Directions: Beginning with the first line, retype exactly the records below up to and including the line with "益阳琴鹤堂赵氏六修族谱"; pictures do not belong in the copy.

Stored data
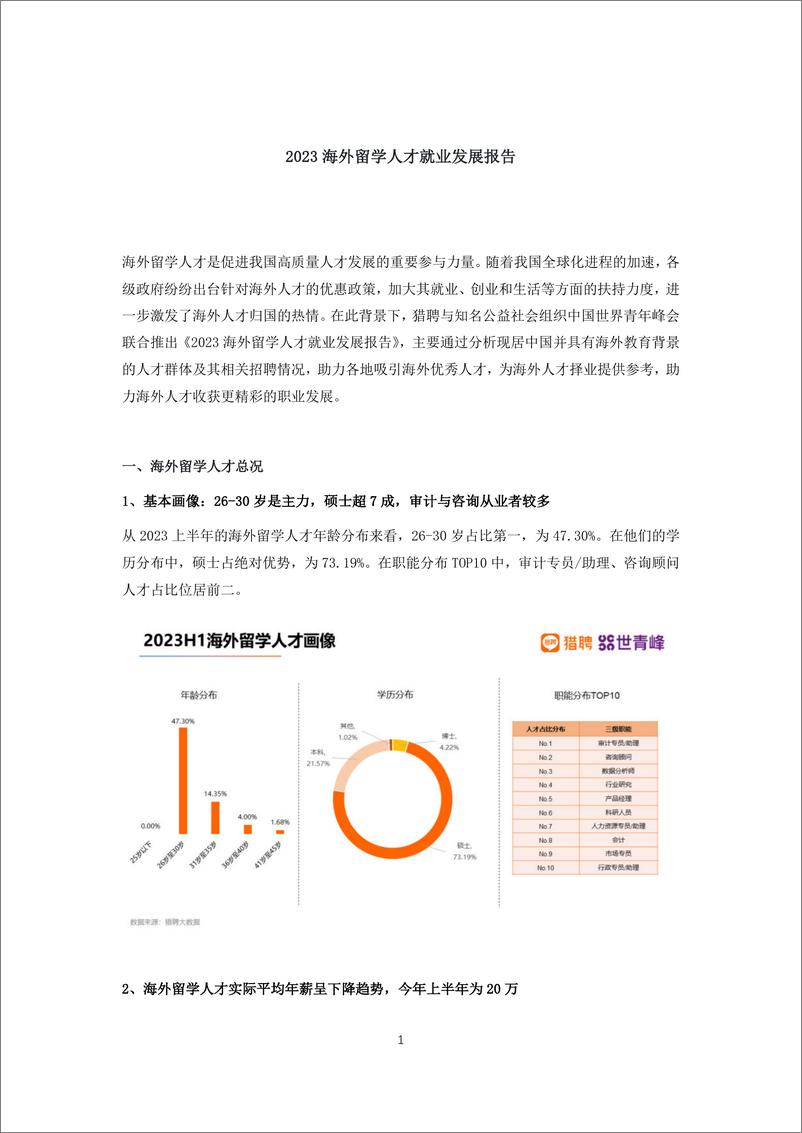 《2023海外留学人才就业发展报告-猎聘&世青峰-2023.09-16页》 - 第1页预览图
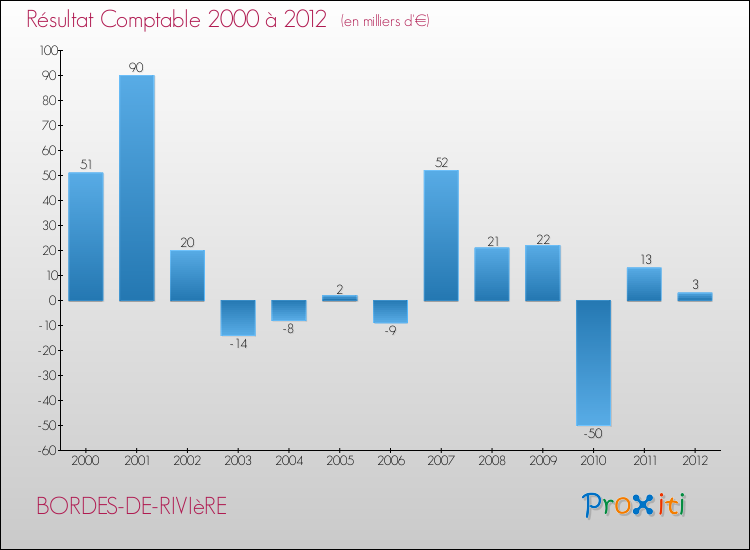 Evolution du résultat comptable pour la commune de BORDES-DE-RIVIèRE de 2000 à 2012 Evolution du résultat comptable pour BORDES-DE-RIVIèRE de 2000 à 2012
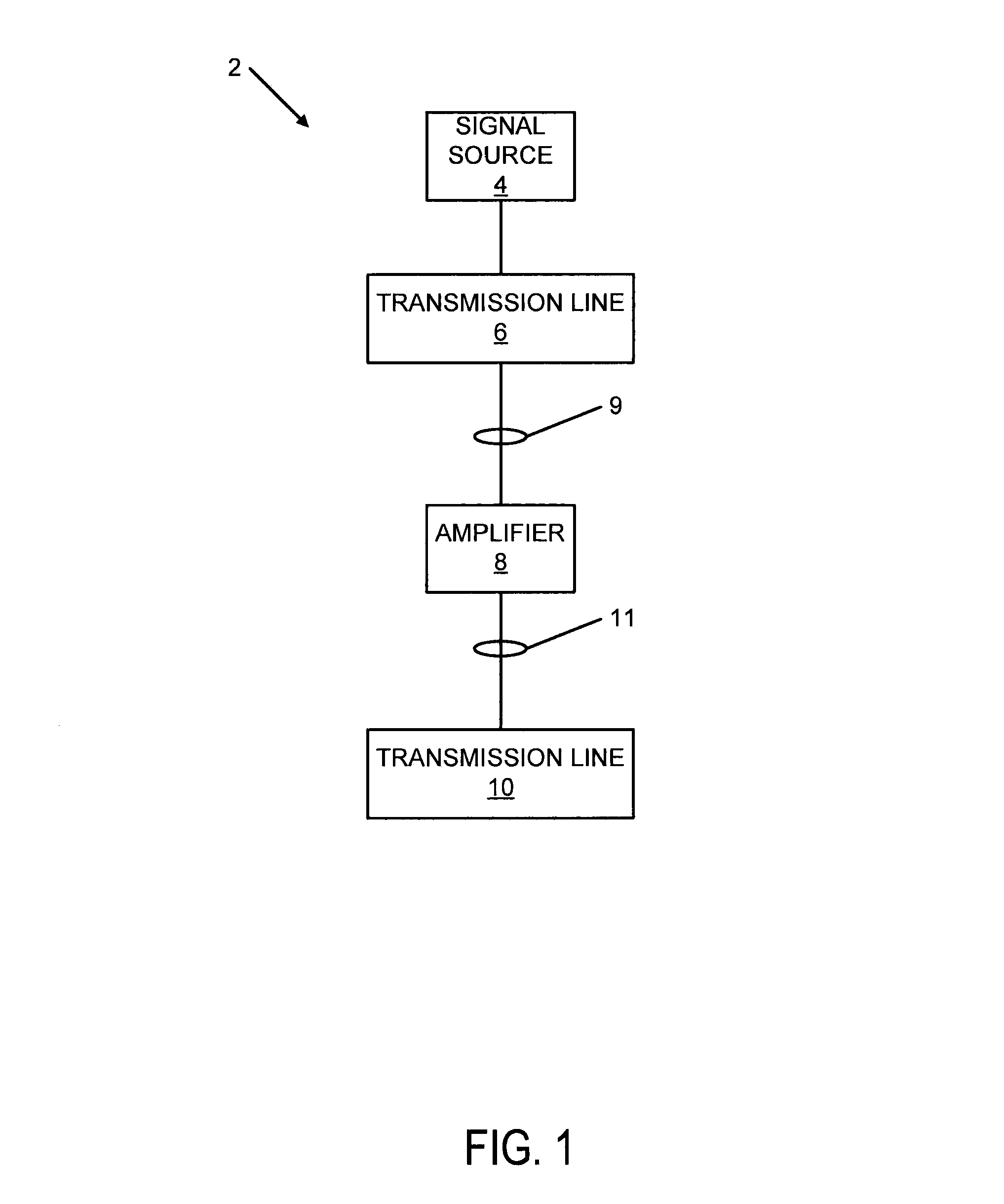 System and method for high-frequency amplifier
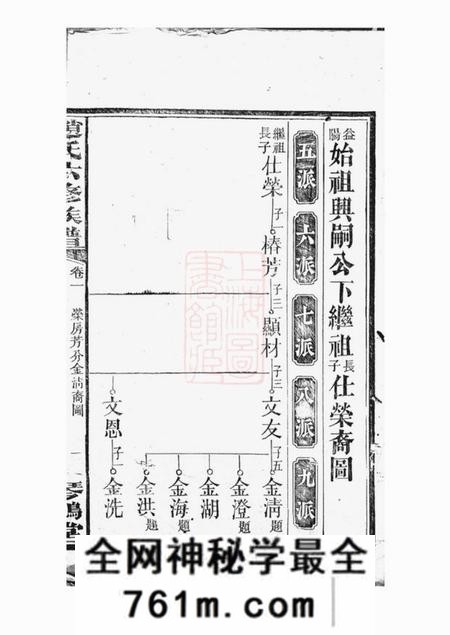 益阳琴鹤堂赵氏六修族谱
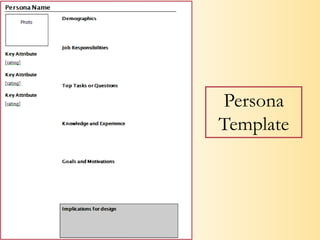 Building Blocks of a PersonaDemographicsTop tasks or goalsMotivationsDesign ImplicationsKey attributes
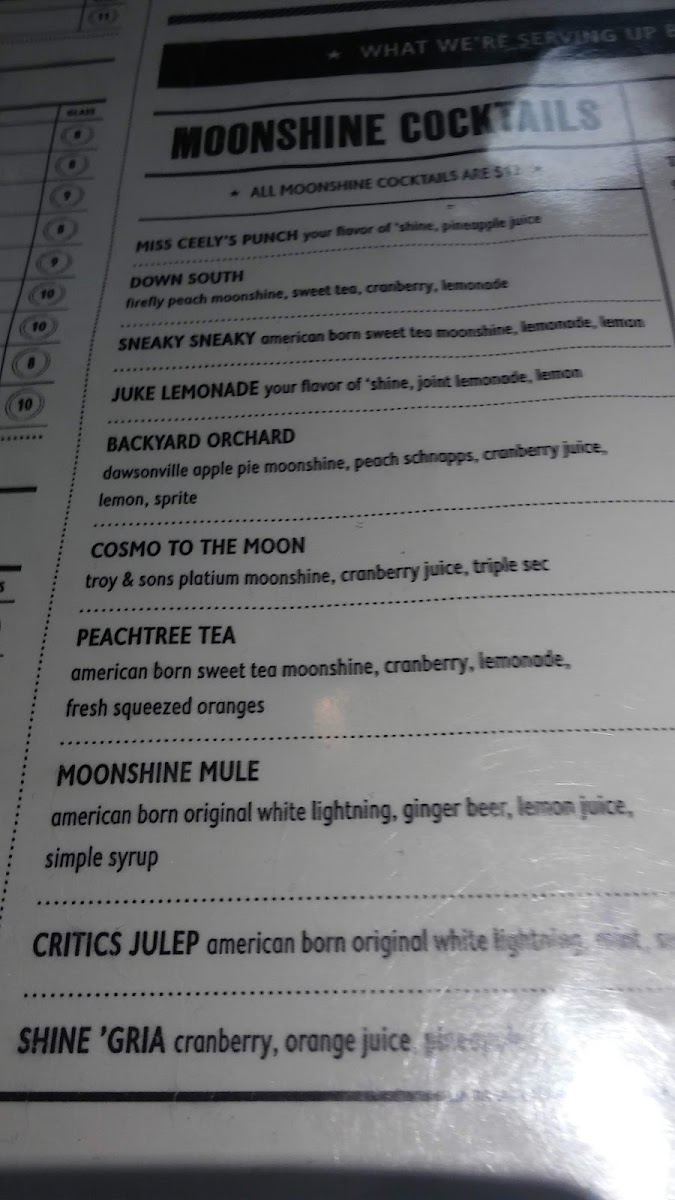 Sweet Georgia's Juke Joint - 8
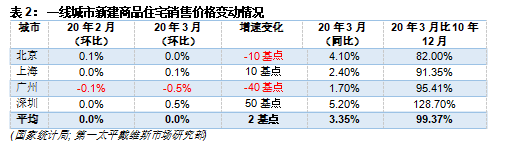 第一太平戴维斯：3月全国二手商品住宅价格微幅反弹-中国网地产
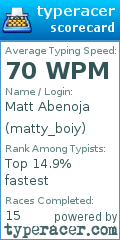 Scorecard for user matty_boiy
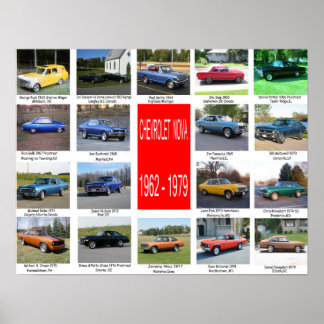 All years of Novas Poster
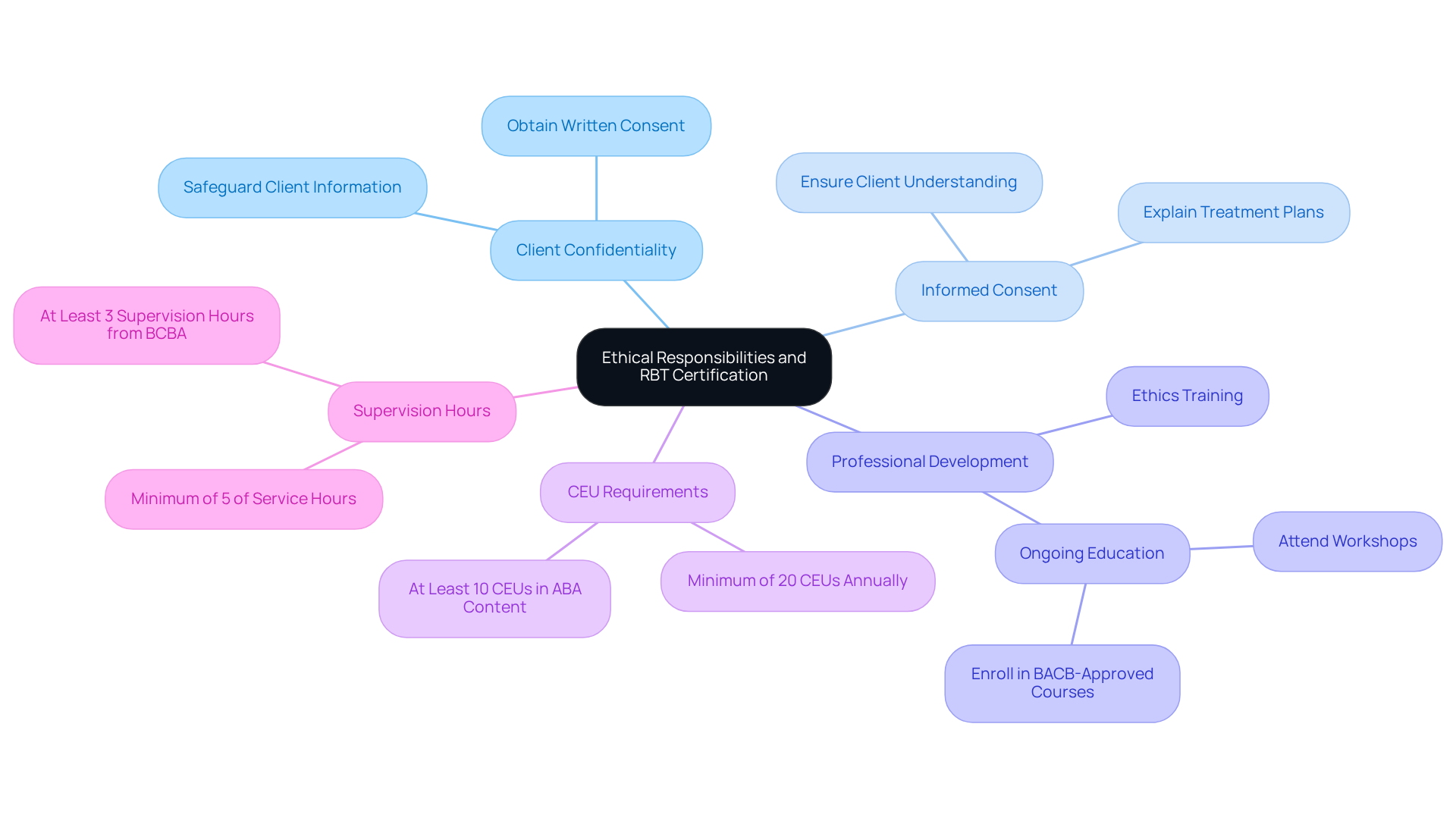 Start at the center with the main topic, then follow the branches to explore various ethical responsibilities and certification requirements for RBTs. Each branch represents a key area of focus, while the sub-branches provide more detailed actions or expectations.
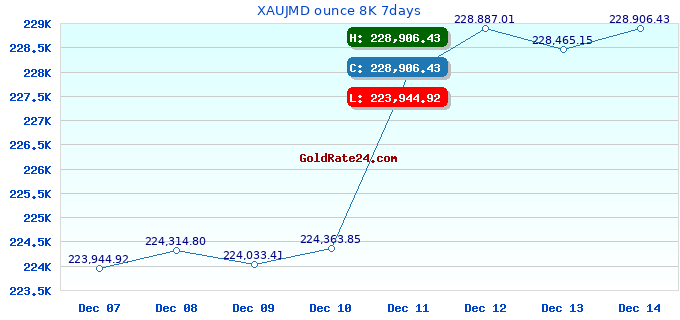 XAUJMD ounce 8K 7days
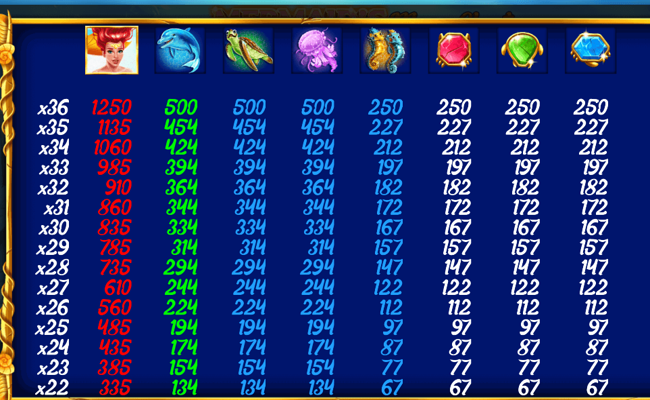 mermaids mega chest paytable
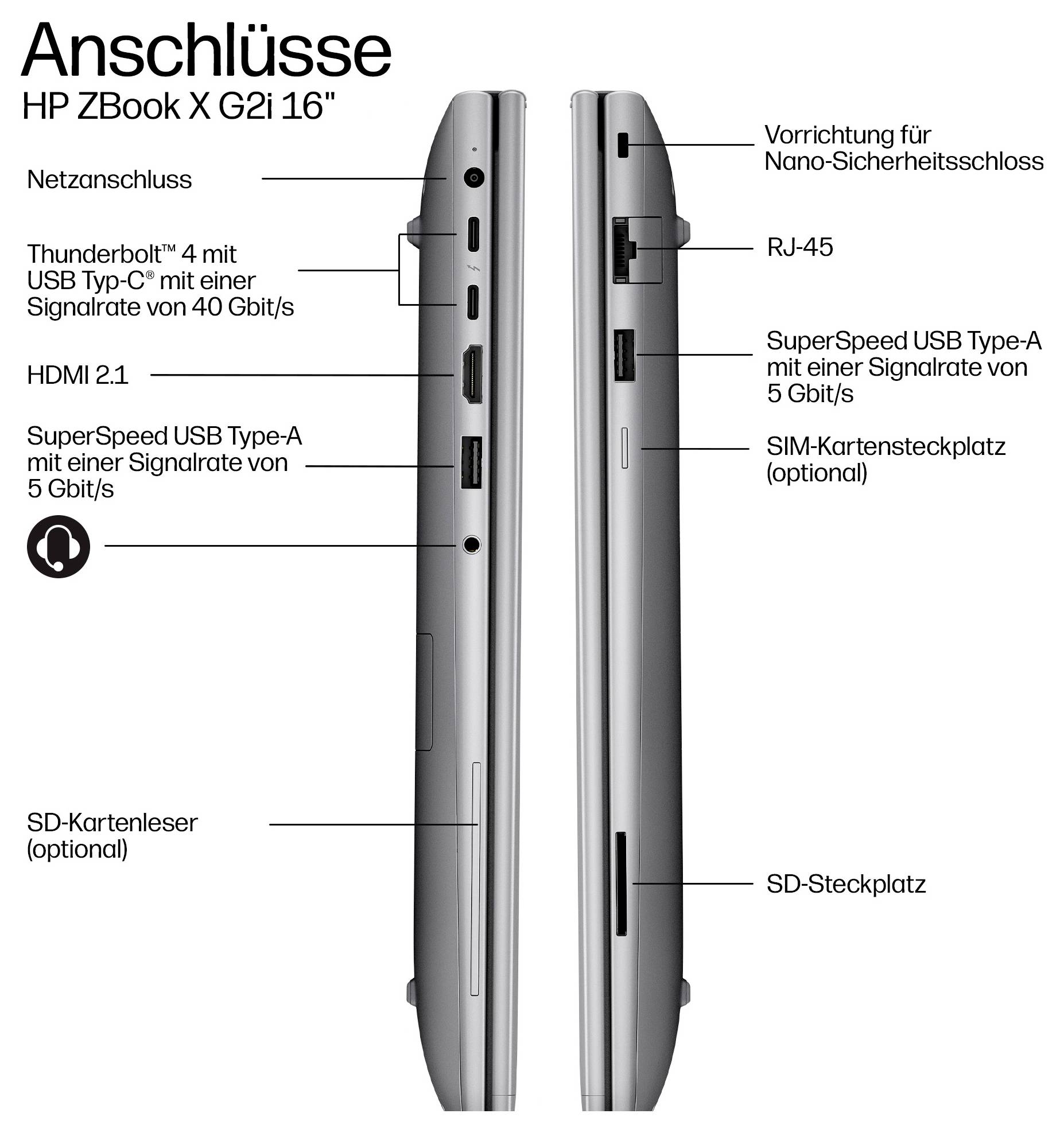 HP ZBook X G2i 16-Zoll-Laptop Seitenansichten mit beschrifteten Anschlüssen: Stromversorgung, Thunderbolt 4/USB-C, HDMI 2.1, USB-A, SD-Kartensteckplatz, RJ-45, SIM und Nano-Sicherheitsschloss-Steckplatz.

Response for this exercise:
 《2023海外留学人才就业发展报告-猎聘&世青峰-2023.09-16页》 - 第1页预览图
 Evolution du résultat comptable pour la commune de BORDES-DE-RIVIèRE de 2000 à 2012 Evolution du résultat comptable pour BORDES-DE-RIVIèRE de 2000 à 2012
 System and method for high-frequency amplifier
 益阳琴鹤堂赵氏六修族谱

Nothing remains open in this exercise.